Steamboat Springs Area officials and users haven’t been able to agree on whether the Creekside Trail at Steamboat Ski Area is best as a downhill-only or multidirectional trail. One thing will be for sure this Saturday, however: traveling up the controversial singletrack would be a tremendously bad idea.
Creekside might officially be two-way, but for a few hours starting at 10:30 a.m. Saturday, it will host Steamboat’s best bombers in a downhill mountain bike race.
“This is something that hopefully the gravity community is really going to get behind and get excited about,” event organizer Cory Prager said. “It’s an opportunity for people, if they think they’re fast, to get out and race some downhill.”
The race might highlight the summer’s controversy, but Prager said the event is the perfect opportunity to show how such user conflicts can be avoided in the future.
He sought out a special permit from the U.S. Forest Service and found cooperation from Steamboat Ski Area and Routt County Riders, as well as eagerness from local freeride enthusiasts.
“We’re just really excited that we’re all coming together for this great event because that hasn’t happened in quite a while,” Prager said. “This is just another great cycling event in Steamboat.
“We have an extremely diverse cycling community here in Steamboat, and this will show that we can all work together.”
Riders can register between 4 to 6 p.m. Friday at Ski Haus, paying $15 for Routt County Riders members and $25 for nonmembers for the opportunity to fly down Creekside.

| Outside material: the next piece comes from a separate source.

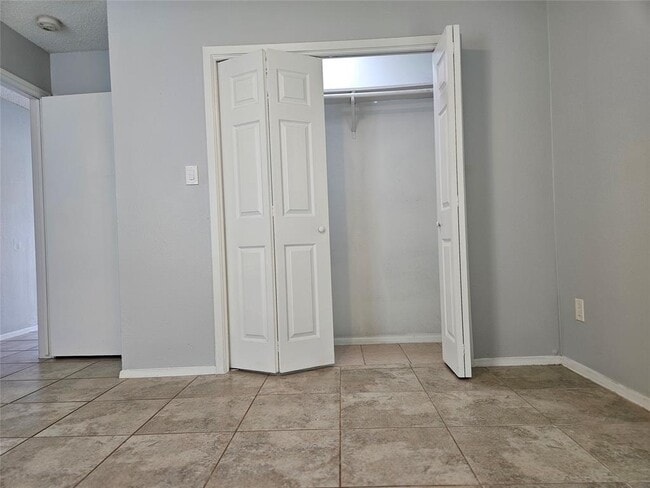 Photo - 105 E Boyce St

There will be plenty on the line besides the pride inherent in Steamboat’s first downhill mountain bike race in years. Steamboat Rentals By Owner put up $400 in cash to go along with prizes offered by Steamboat Ski Area.
As many as 75 riders will be able to participate.

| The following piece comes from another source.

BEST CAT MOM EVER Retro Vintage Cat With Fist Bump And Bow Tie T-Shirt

Riders will gather at the base of the gondola for a meeting at 9 a.m. and then ride the gondola to the top and cruise down the multiuse trail Zig Zag to the top of the 1.7-mile Creekside trail.
Parking will not be available at the bottom of the trail, which empties out onto Burgess Creek Road.

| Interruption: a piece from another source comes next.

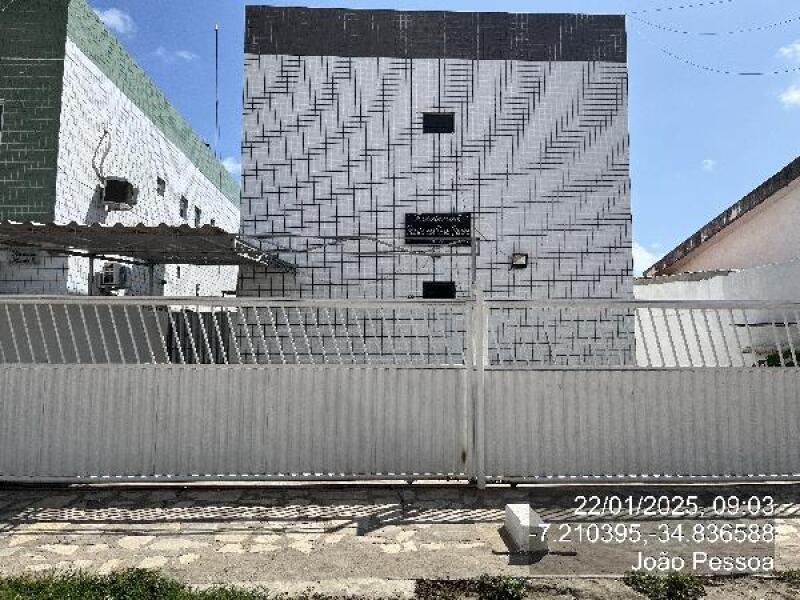 Apartamento com 2 quartos em João Pessoa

Some parking is available just up the road at the base of Thunderhead Express chairlift, however, and there is plenty at the base area of the mountain. Spectators either can ride the gondola and hike down to the top of the trail or hike up Zig Zag, which also starts at the base of the gondola, to view the action.
Prager advised spectators to show up early to pick out their spots along the trail because once the racers get going on their one-and-only chance to ride a one-way Creekside, they could be tough to stop.
“This will be a great way for us to finish off our season and to show everyone what kind of trails the ski area is working on that maybe we could be riding next summer,” Prager said.